Tourism is invariably the “magic solution” for areas suffering industrial and population decline. Wood’s site also features a giant sun dial, but of course any connection to the giant sun dial on Epstein Island is purely coincidental.

But Wood and Cameron didn’t stop there in their anti-industry campaign to keep “Avalon of the South” the exclusive preserve of the Davos class and tourists. The pair, calling themselves Triabunna Investments Pty Ltd, hired Roland Browne’s woke law firm to fight a planned fish farm in nearby Okehampton Bay. The Bob Brown Foundation was also in on the action, naturally.

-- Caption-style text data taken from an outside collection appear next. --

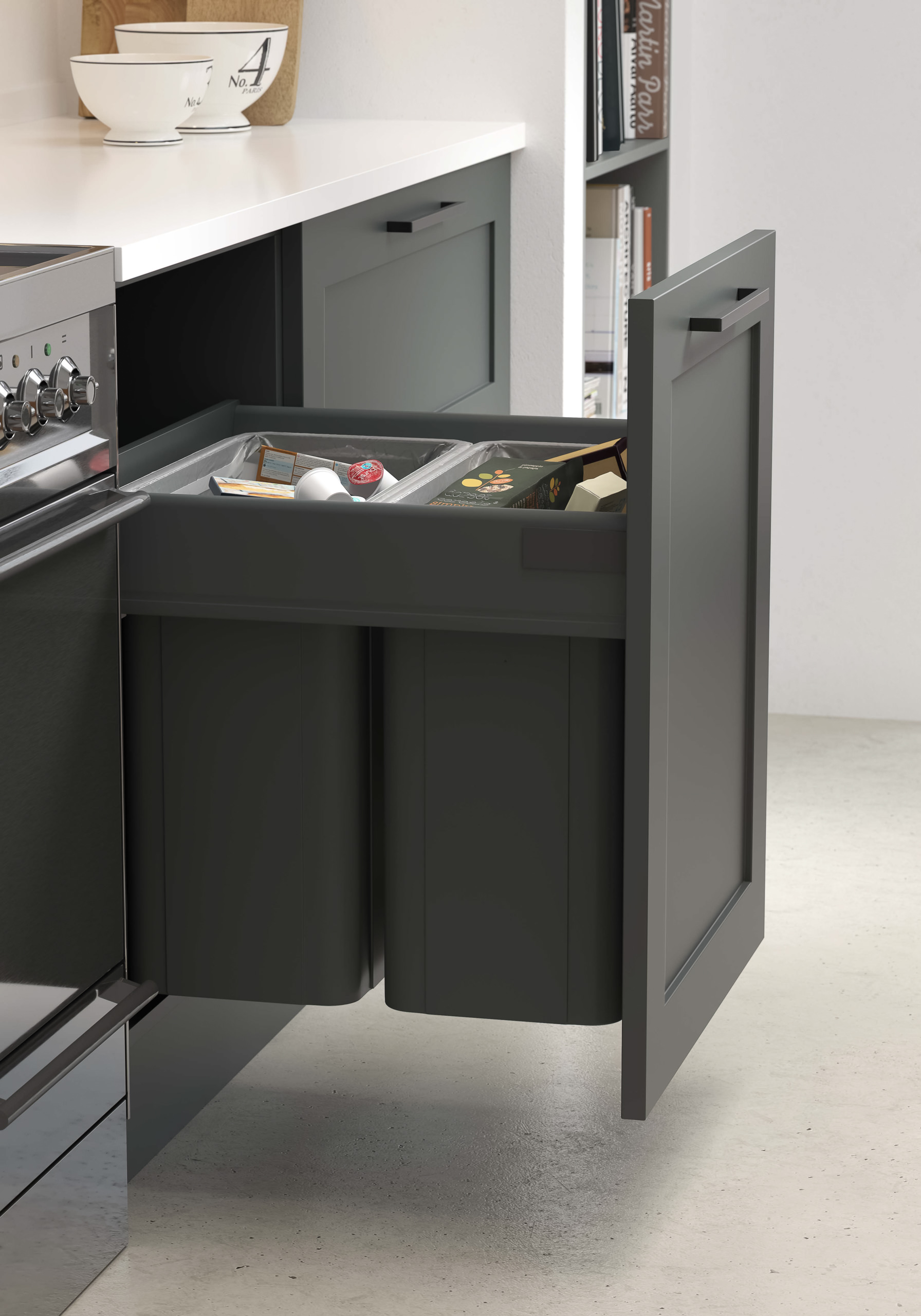 Traditional grey kitchen with marble worktops by Highlux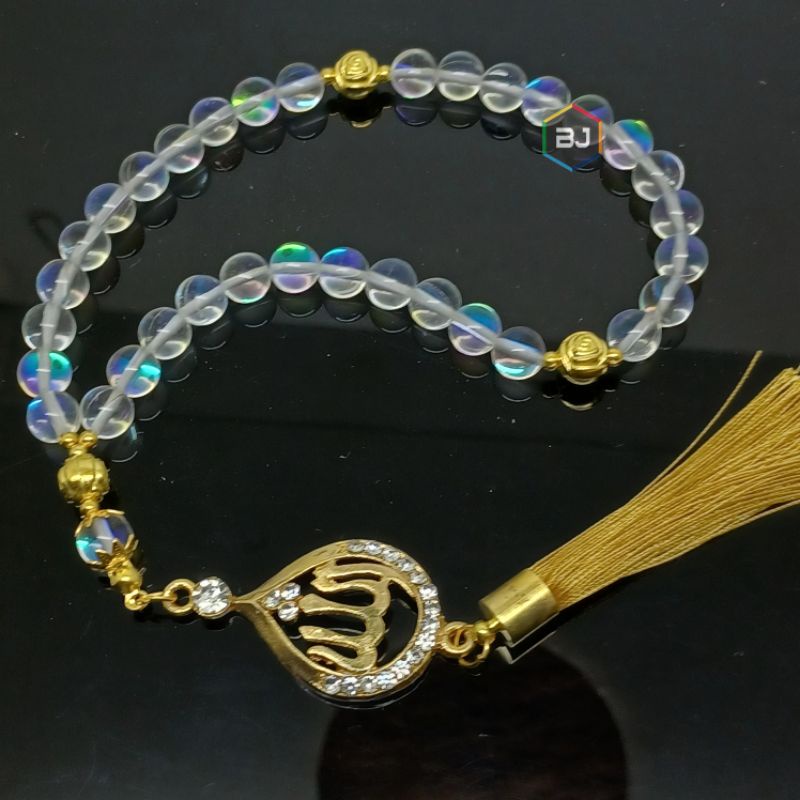 TASBIH BATU KALIMAYA INDIA+LAFADZ ALLAH 8MM 33BUTIR MULTICOLOR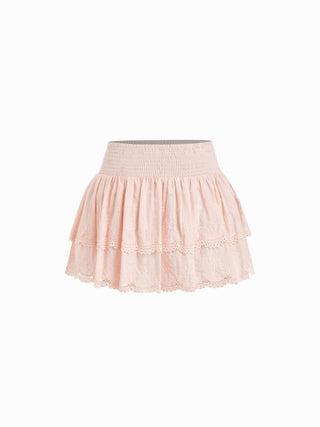 Cotton-blend Low Rise Textured Layered Ruched Mini Skort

Fortunately for the remaining Triabunna locals looking for jobs in real industry, the fish farm went ahead in 2017, but not without constant harassment from Brown and others whose environmental foundations rake in millions from tax-deductible donations from corporate “partners” – the same corporate crowd that pays the likes of Alex Marr millions to tell them how green a potential investment is.

Tasmanian fish farms, incidentally, are now all in the hands of foreign corporations, who most likely pay tribute to the hordes of green and indigenous NGOs and bureaucrats. In the end we the consumers pay. But we can at least be thankful for the salmon fillets that are now commonplace on supermarket shelves.

Triabunna, incidentally, is surviving thanks to the fish farm and a new industry that grows a special type of seaweed for stockfeed. Apparently it’s “carbon neutral” because it doesn’t encourage stock burping and farting like other feed. The town also has its promised marina and wharf upgrade to encourage seafaring visitors.